Ad accoglierlo la direttrice facente funzioni, Marianna Adanti, e il comandante della Polizia Penitenziaria, Iuliano Pierpaolo.
Nel corso della visita, il Garante ha incontrato diversi detenuti e ha visitato i laboratori interni alla struttura – sartoria, tipografia e carrozzeria – dove sono impiegate complessivamente circa trenta persone. Successivamente si è recato presso il Comune di Sant’Angelo dei Lombardi per incontrare sei detenuti, piu uno impegnato nell'opera della misericordia a Torella,impegnati gratuitamente in un progetto di pubblica utilità. Il Garante si è intrattenuto a pranzo con loro, ascoltando le loro testimonianze e il racconto dell’esperienza lavorativa, che per alcuni prosegue da oltre un anno.
Al termine della giornata, il Garante Samuele Ciambriello ha dichiarato:
"Ogni volta che vengo a Sant’Angelo dei Lombardi ricordo con piacere e nostalgia il direttore Massimiliano Forgione, pioniere del trattamento avanzato, del diritto al lavoro e della reale inclusione sociale dei detenuti. In questo istituto sono ancora attivi progetti e attività da lui promossi, che vanno difesi e valorizzati.
Da tempo, purtroppo, riscontro l’arrivo di detenuti trasferiti per motivi di ordine e sicurezza, persone con situazioni problematiche che stanno rischiando di compromettere il lavoro trattamentale avanzato costruito negli anni. Inoltre, registro una carenza di circa venti unità di Polizia Penitenziaria e di un educatore.

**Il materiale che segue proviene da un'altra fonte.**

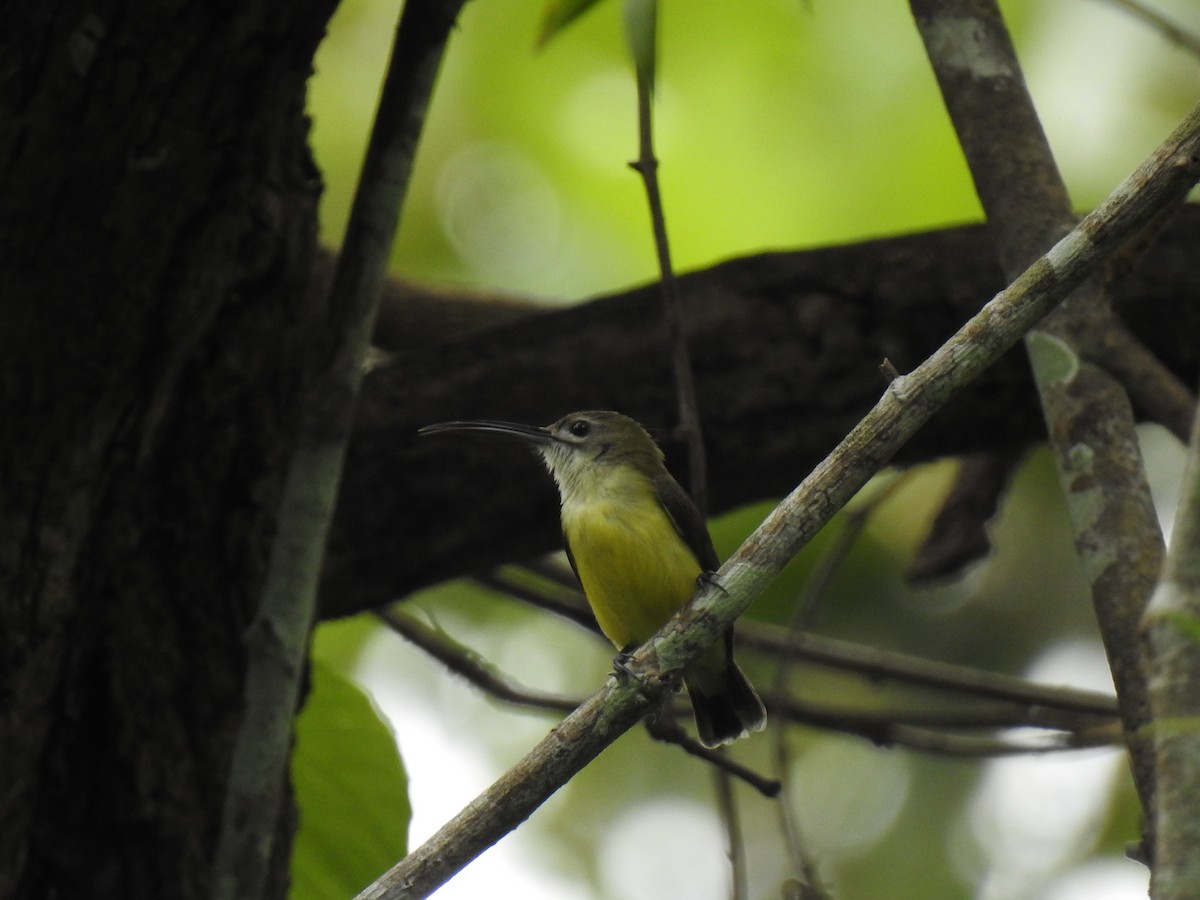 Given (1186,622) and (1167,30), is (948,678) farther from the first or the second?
(1186,622)

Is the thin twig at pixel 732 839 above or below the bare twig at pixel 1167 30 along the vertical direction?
below

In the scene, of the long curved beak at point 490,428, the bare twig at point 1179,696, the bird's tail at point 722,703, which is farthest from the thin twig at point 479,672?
the bare twig at point 1179,696

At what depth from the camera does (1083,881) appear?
8219 millimetres

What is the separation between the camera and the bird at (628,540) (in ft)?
15.0

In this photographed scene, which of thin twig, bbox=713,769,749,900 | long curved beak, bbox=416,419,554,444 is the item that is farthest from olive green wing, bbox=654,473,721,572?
thin twig, bbox=713,769,749,900

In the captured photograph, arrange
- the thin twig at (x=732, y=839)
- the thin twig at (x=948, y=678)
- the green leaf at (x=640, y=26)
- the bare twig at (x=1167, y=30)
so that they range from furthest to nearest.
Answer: the thin twig at (x=948, y=678), the bare twig at (x=1167, y=30), the thin twig at (x=732, y=839), the green leaf at (x=640, y=26)

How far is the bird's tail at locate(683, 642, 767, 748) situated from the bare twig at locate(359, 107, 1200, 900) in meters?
2.26

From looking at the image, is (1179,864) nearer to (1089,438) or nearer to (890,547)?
(1089,438)

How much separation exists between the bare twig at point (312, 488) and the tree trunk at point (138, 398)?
0.36 feet

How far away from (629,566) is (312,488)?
3.96ft

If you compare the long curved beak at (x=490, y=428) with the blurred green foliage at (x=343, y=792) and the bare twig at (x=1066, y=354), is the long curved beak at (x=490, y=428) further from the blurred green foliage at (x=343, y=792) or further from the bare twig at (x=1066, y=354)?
the bare twig at (x=1066, y=354)

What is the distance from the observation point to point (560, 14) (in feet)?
11.2

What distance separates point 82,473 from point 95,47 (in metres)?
0.99

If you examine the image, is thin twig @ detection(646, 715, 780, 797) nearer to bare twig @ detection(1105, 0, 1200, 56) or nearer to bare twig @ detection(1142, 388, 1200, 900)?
bare twig @ detection(1142, 388, 1200, 900) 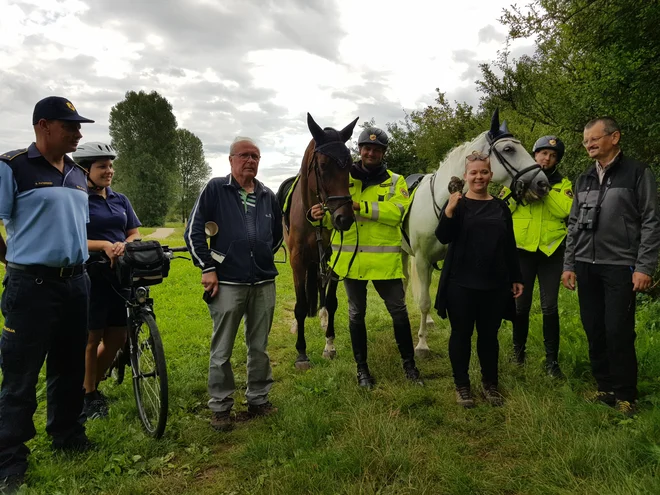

Positiva, invece, la notizia che mi ha comunicato il comandante Iuliano, circa la riconversione della sezione detentiva destinata all’articolazione psichiatrica che diventerà la sezione di accoglienza per i detenuti “20 ter e 21", impegnati in attività lavorative esterne al carcere...Speriamo al piu presto! Con i sette detenuti che ho incontrato al comune sono stato loro ospite a pranzo - ha aggiunto Ciambriello - e ho raccolto la loro soddisfazione per il percorso intrapreso presso il Comune. Resta però il rammarico che nessuno di loro abbia ottenuto ancora un permesso premio in famiglia.
Mi auguro, infine, che al più presto possano essere garantite una direzione e un comandante stabile, un rafforzamento dell’area educativa, condizioni indispensabili per valorizzare ulteriormente questa casa di reclusione a trattamento avanzato. Sul piano sanitario penso ai 44 detenuti tossicodipendenti presenti e mi auguro che anche per loro ci possona essere misure alternative al carcere». così conclude Ciambriello.